The woodpecker I saw today.

Back at the house, eventually Gretchen returned and we tried for a time to have our coffee and Spelling Bee ritual out on the east deck. It was warm enough for this while the sun was out, but when it ducked behind some thick clouds, we eventually decided to go inside. The panagram, by the way, was "envoking," with "o" in the middle, which did not produce all that many words.

Today was the first day of Passover, and Gretchen had bought lots of matzos weeks ago. This afternoon, inspired by her childhood friend Dina in Tel Aviv (seven hours ahead of us), she made matzo ball soup, "chopped liver," and some sort of nut load. When she realized she didn't have any Manischewitz kosher wine (for making charoset), she sent me to get a bottle of the concord grape flavor. I'd never bought Manischewitz wine before, and assumed it would be available at JK's, my favorite liquor store. After being momentarily confused, I saw they had a shelf labled "kosher wine" near the back. It was pretty well picked-over on this particular day, but they did have one big 1.5 litre bottle of concord grape. This was the first time I'd bought any alcoholic beverage since January.

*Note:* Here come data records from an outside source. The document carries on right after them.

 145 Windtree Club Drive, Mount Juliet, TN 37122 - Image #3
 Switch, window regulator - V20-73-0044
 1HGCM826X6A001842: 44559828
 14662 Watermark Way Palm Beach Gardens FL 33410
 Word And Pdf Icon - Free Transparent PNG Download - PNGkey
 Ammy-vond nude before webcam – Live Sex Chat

The three of us ended up having a light-hearted informal seder that was mainly about eating food but touched occasionally on the points that are normally belabored in a proper seder, just to catch Powerful up on it all. He'd actually had matzos occasionally in prison, since it is available to prisoners claiming to be Jewish. But he didn't know that much about the plagues and the lamb's blood, and all the other stuff Gretchen used to take seriously but now finds arbitary and primitive.

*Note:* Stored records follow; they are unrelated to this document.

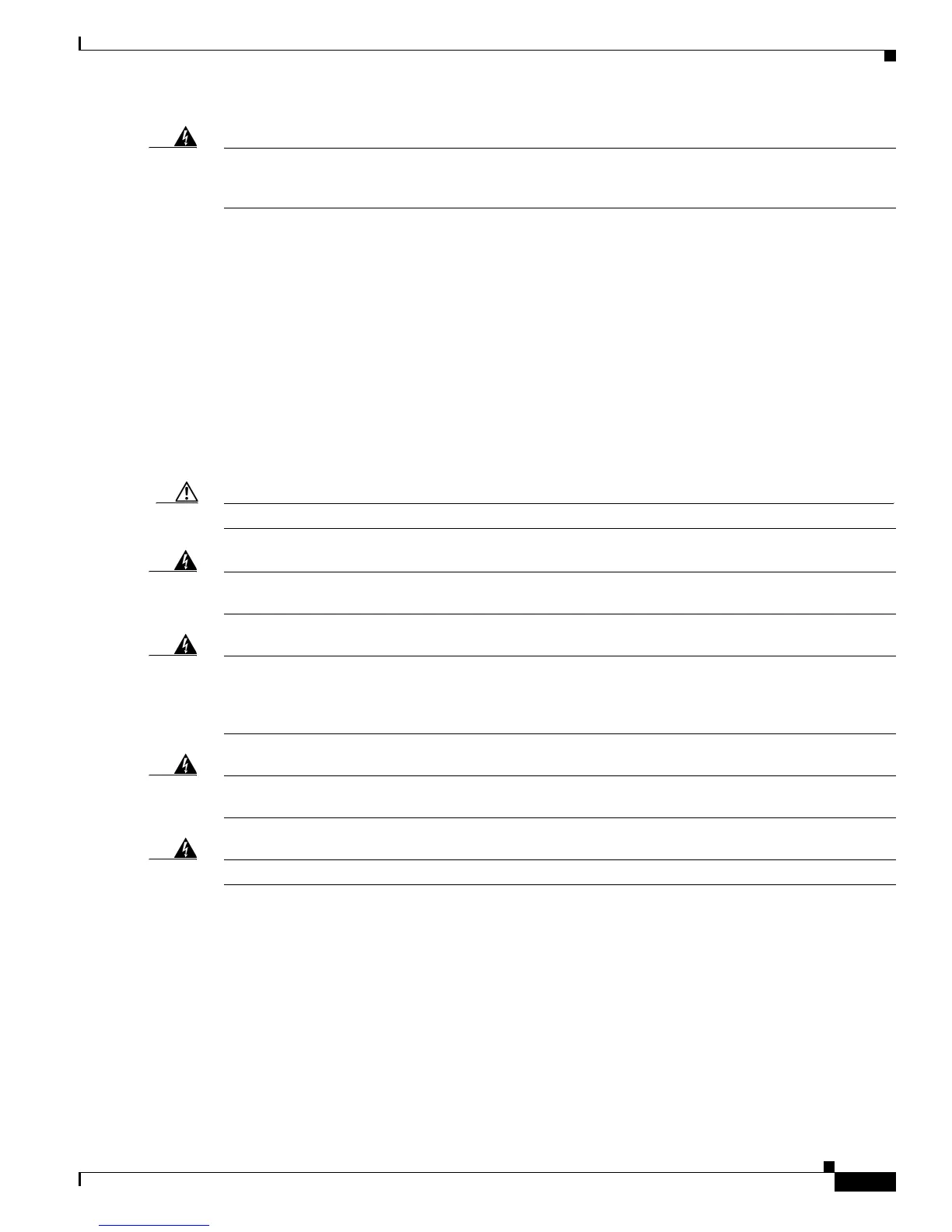 Page #103 background image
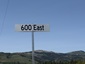 Pocatello Real Estate - MLS #579646 - Photograph #22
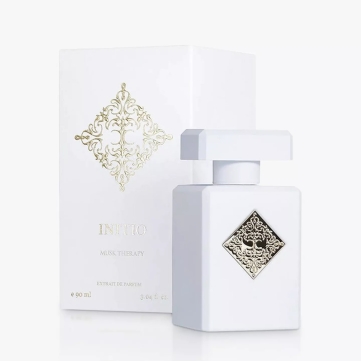 initio parfums prives musk therapy extrait de parfum 90ml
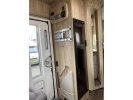 Hymer Tramp T 598 GL 60 Edition  foto: 18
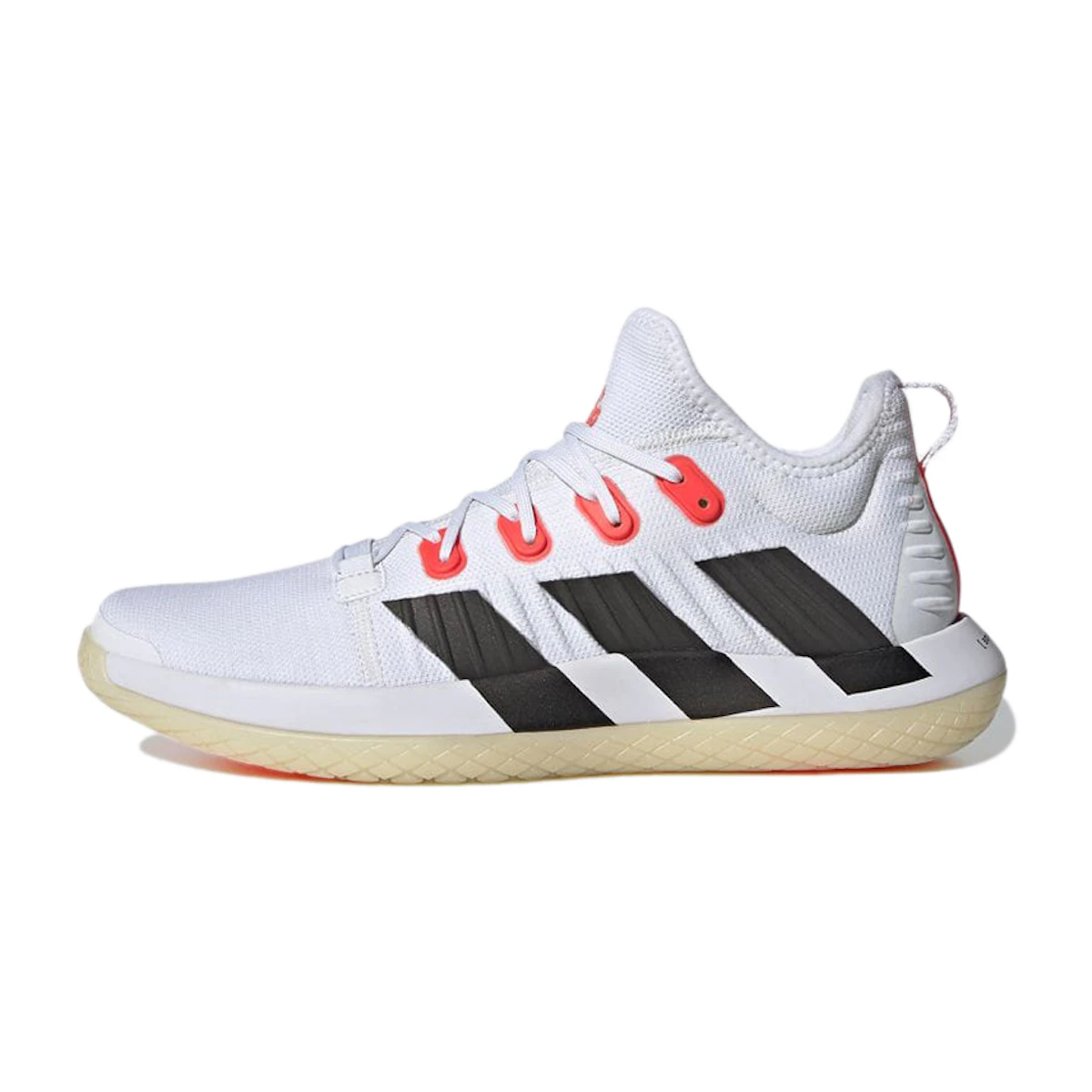 Buy adidas Stabil Next Gen Primeblue 'Tokyo' FZ4678 Novelship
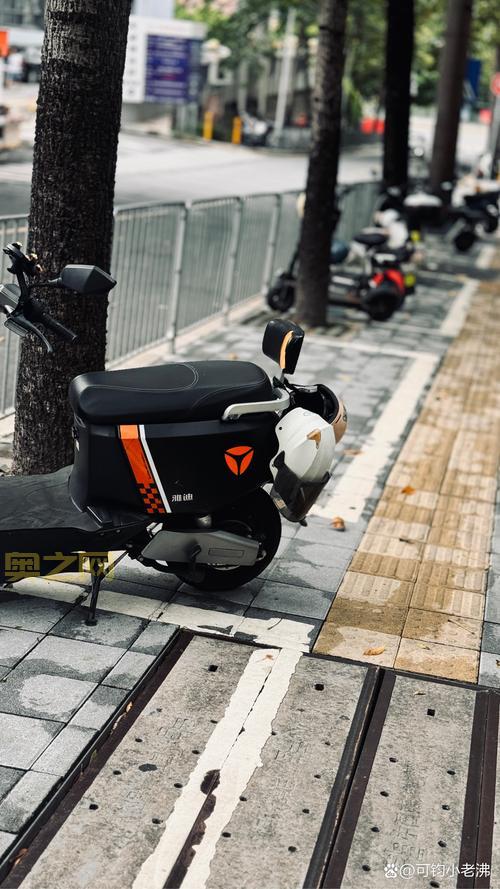 老版电驴和新版区别在哪?哪个更好用?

Gretchen also poured us glasses of Manischewitz wine, which was to be my third alcoholic beverage since January 25h. My alcohol tolerance is now so low that I actually felt a pleasant buzz from just one glass.

Throughout the day, I repainted more floor shapes in the laboratory, mostly yellow and green ones not near the central axis. This evening I started repainting blue patches, which show the least wear due to their relative darkness. At some point in this, Gretchen interrupted me to say she wanted me to join her in the watching of a movie. I never have sufficient attention span for movies, so initially resisted. But eventually I agreed to watch it.

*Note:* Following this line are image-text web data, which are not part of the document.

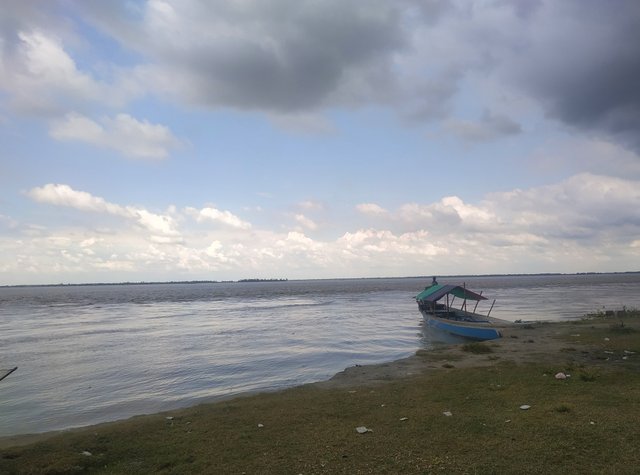IMG_20250904_213923.jpg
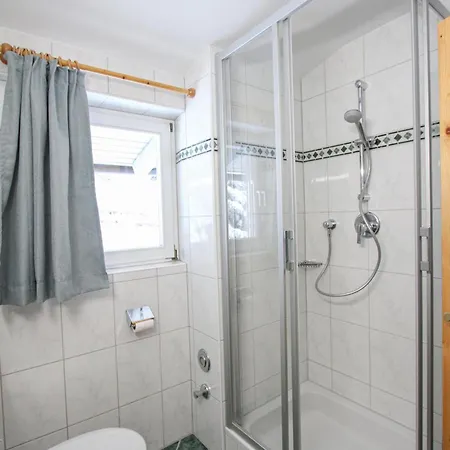 Apartment Koenigsleiten 121b - 4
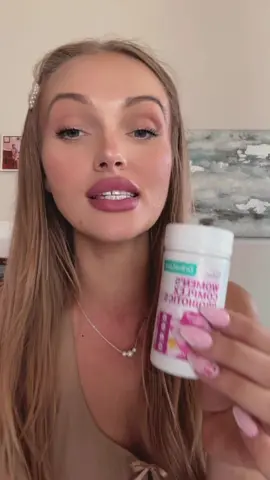 This formula from @DrBioCare specifically  designed to support feminine intimate care:Probiotic strains like Lactobacillus rhamnosus LRa16, L. crispatus, and L. reuteri are selected for their benefits in maintaining a healthy  environment and optimal pH. #cranberry #female #ordernow #healthtips #Ashwagandha 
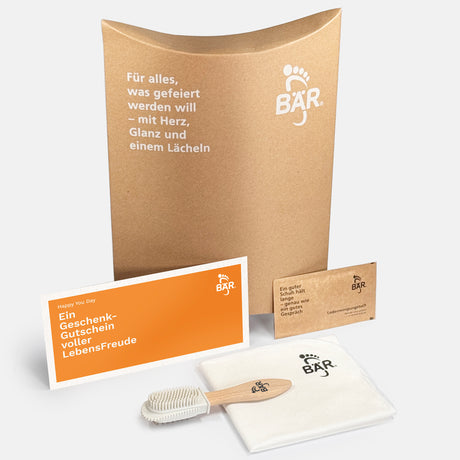 BAER OMN6 main 8809001_gutschein-geschenkbox_p.jpg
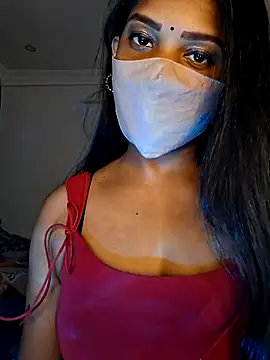 Anu--Telugu online show from November 2025 06:50:02 AM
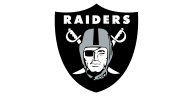 Las Vegas Raiders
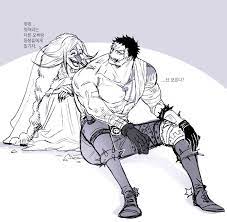 Betsuni0w0 Tvitter One Piece Comic One Piece Luffy One Piece Anime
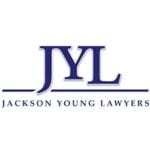 Jackson Young Lawyers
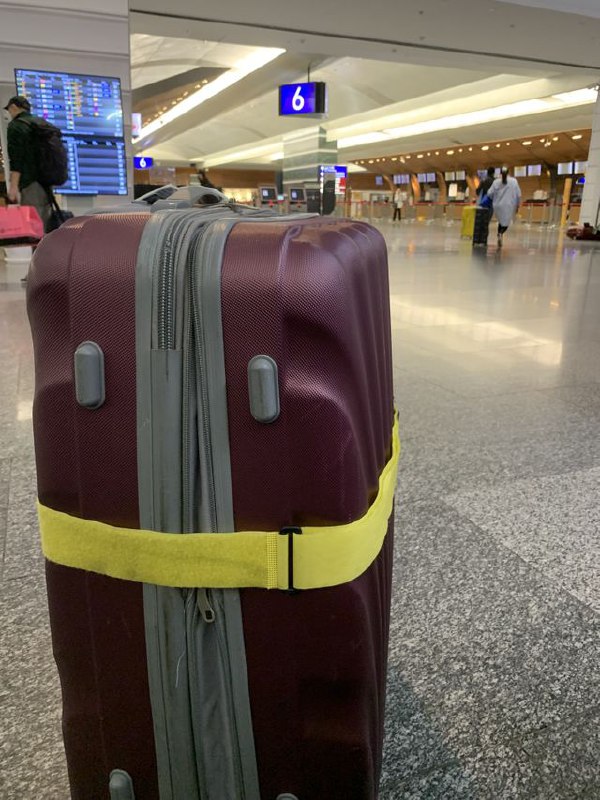 疫情後再出發！我回來了，東京 & 初次見面，靜岡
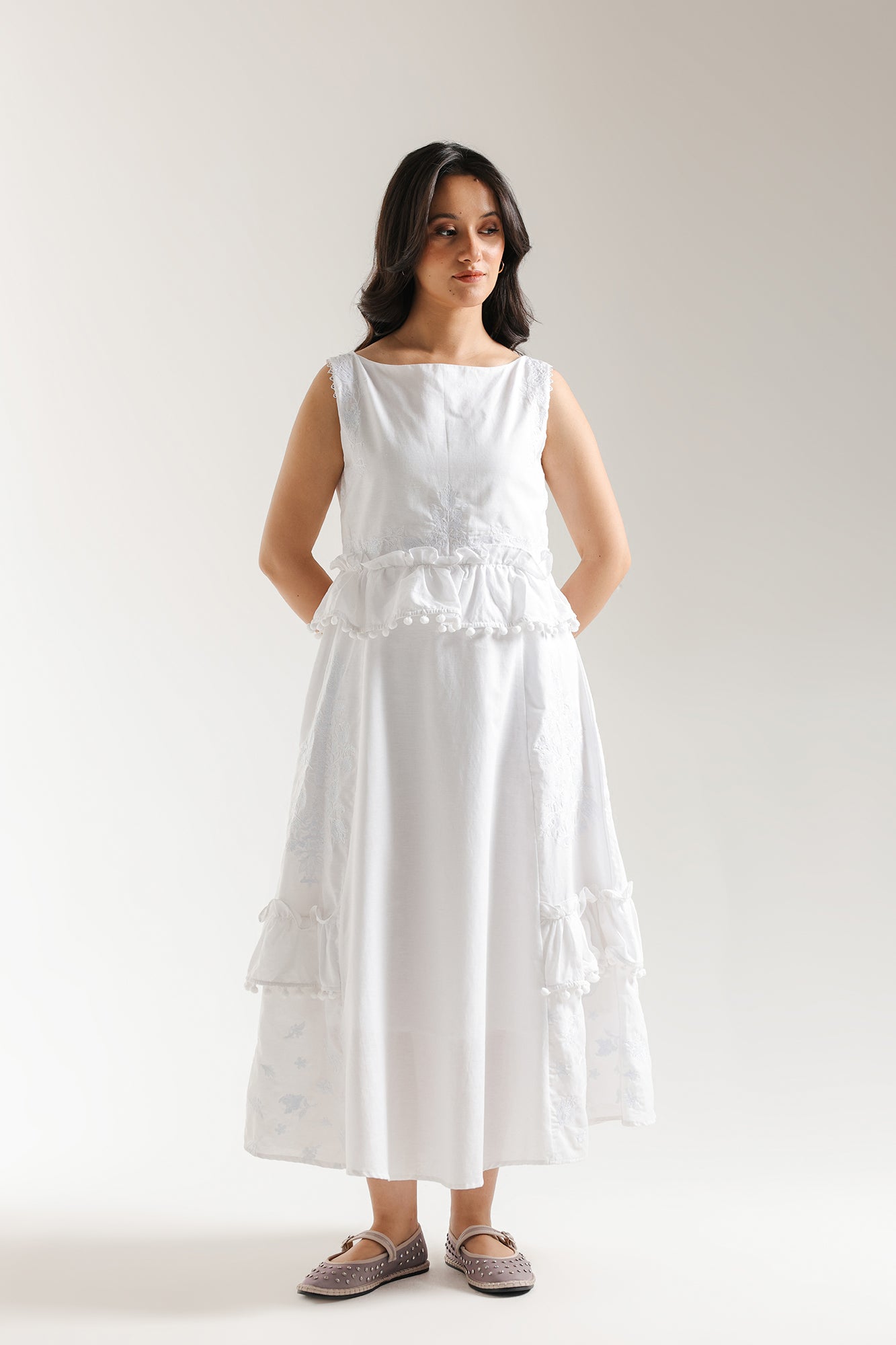 https://cdn.shopify.com/s/files/1/2290/7917/files/E1012-101-001_1.jpg?v=1760506448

The movie was In and Of Itself, built out of a staged hybrid of storytelling and magic performed by Derek DelGaudio over the course of more than 500 live shows. The show is highly interactive, and starts with all 150 members of the audience picking individual single-phrase (or word) summaries of who they are. At the end of the show, DelGaudio dramatically "guesses" everyone's identity from their cards, one of several magic tricks that haunted me later, eluding a logical explanation. Perhaps he used an earpiece and some sort of RFID technology connecting the identities to the people. But there's another magic trick, where he somehow produces personal a letter written by a friend or family member of a specific audience member, completly blowing that person's mind. How is that done? Is it a social hack involving Facebook? Then there are the incredible card tricks, which manifest a seemingly supernatural command of a deck of cards. That suggests amazing powers of memory and quickness of mind in concert with amazing finger dexterity. Less interesting were monologues on the nature of identity. With someone like this, you don't want them to do anything but magic, since that is the thing nobody else can deliver.
Along the way, there are several glimpses of various famous people who have been in DelGaudio's audiences, including W. Kamau Bell and Bill Gates.
Perhaps the main reason I think In and Of Itself is so popular is that it plays into Americans' preoccupation with themselves. People go to the show specifically to see Derek DelGaudio "figure out" who they are.